Harnessing 100 Year Old Data to Predict Equipment Malfunctions
Take the example of a hundred-year-old power generation and distribution utility. It produced around 40% of its power through hydroelectric plants. However, an increasing number of its plants were reaching the end of their designed operational life, with some facilities being over 100 years old and others refurbished several decades ago. In order to dig out their dark data and tap into its benefits, the company turned to an AI-powered Asset Performance Management (APM) system. The team reviewed asset condition data histories and correlated those conditions with critical asset malfunction modes to determine future malfunction risk profiles. Analysis then revealed that a generator’s increasing level of vibration was driving the risk of future malfunction and was highly sensitive to load.
The team was able to take the useful data and simulate what would happen to vital equipment at different levels and intensity of use. In this case, the team was able to calculate when the malfunction would occur if the generator continued operation at the previous load and recommend the optimal load for achieving stability of the vibration gradient. With that information, the utility now more efficiently and cost-effectively manages its assets. It has become more proactive, intervening to prevent future malfunctions before they occur, saving on costs and achieving their original business objective.

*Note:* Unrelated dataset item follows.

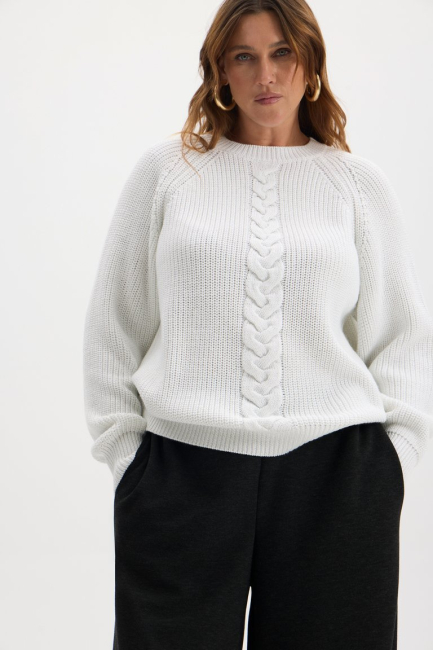 Джемпер с люрексовой ниткой – фото – Plus Size 50–64 – Моно-Стиль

Many asset-intensive industries have been slower to leverage dark data because of the scale and complicated nature of how these businesses have been developed over past decades. AI and machine learning provide opportunities to accelerate their development and reap the benefits. And it’s not about having all the data or even tackling everything at once. Asset-intensive industries can start with small applications of AI and machine learning to predict, simulate and then expand. To see this success, dark data initiatives need to be guided by tangible business objectives from the top down – and that’s non-negotiable.